Według harmonogramu przedstawionego przez Ministerstwo Edukacji i Nauki, od 17 maja do nauki hybrydowej wrócą uczniowie klas 4-8. Natomiast od 31 maja normalna nauka wróci już w każdej placówce oświatowej.
Kazimierz Mądzik uważa, że nawet miesiąc normalnej nauki to dobre rozwiązanie dla młodych ludzi. Podobnego zdania są dyrektorzy szkół. Urszula Dulnik, kierująca Szkołą Podstawową nr 8 w Kielcach podkreśla, że w czerwcu głównym zadaniem nauczycieli będzie odbudowanie osłabionych przez naukę zdalną relacji społecznych między uczniami.
– Nawet na tydzień byłby sens powrotu do szkoły. Koniecznie. To jest niezbędne. Przerwa wakacyjna wydłużyłaby ten czas niewidzenia się. Przecież w normalnych warunkach w czerwcu prawdziwej nauki byłby tylko tydzień – tłumaczy Urszula Dulnik.
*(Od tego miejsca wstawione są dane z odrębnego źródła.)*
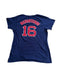 WOMEN'S NAVY BLUE MAJESTIC ANDREW BENINTENDI BOSTON RED SOX JERSEY SHIRT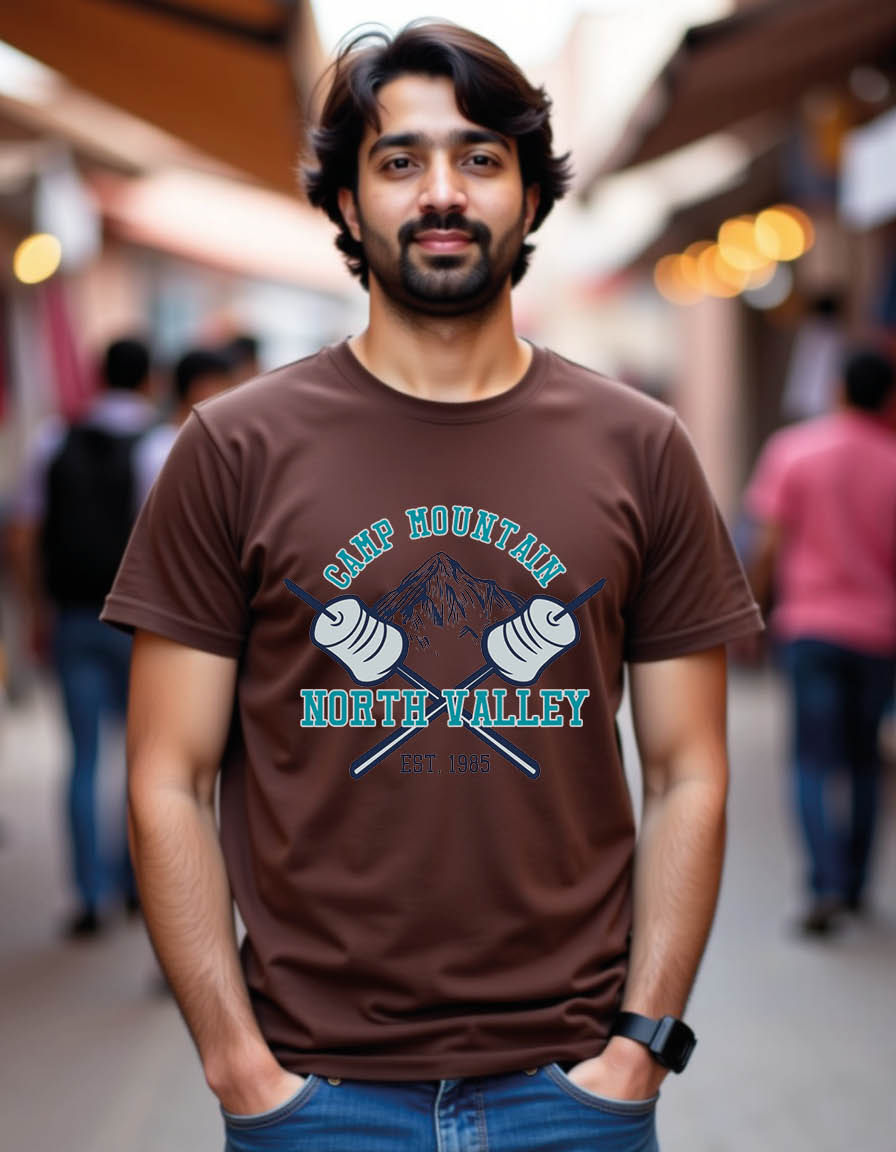 Thumbnail: live it love it ride it illustration mens printed graphic t shirts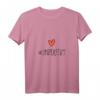 Damen Hashtag UNPERFEKT V-Ausschnitt T-Shirt - Lustiges Geschenk für Frauen, die nicht perfekt sein wollen, mit Herz-Design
Kazimierz Mądzik zapowiada, że kuratorium będzie apelowało do nauczycieli, żeby nie robili dużej liczby sprawdzianów uczniom wracającym do szkoły. – Docierają do nas sygnały, że w niektórych szkołach są takie plany. Nam zależy, żeby uczniowie stopniowo wracali do wymogów nauki stacjonarnej, stąd nasz apel do nauczycieli – wyjaśnia kurator.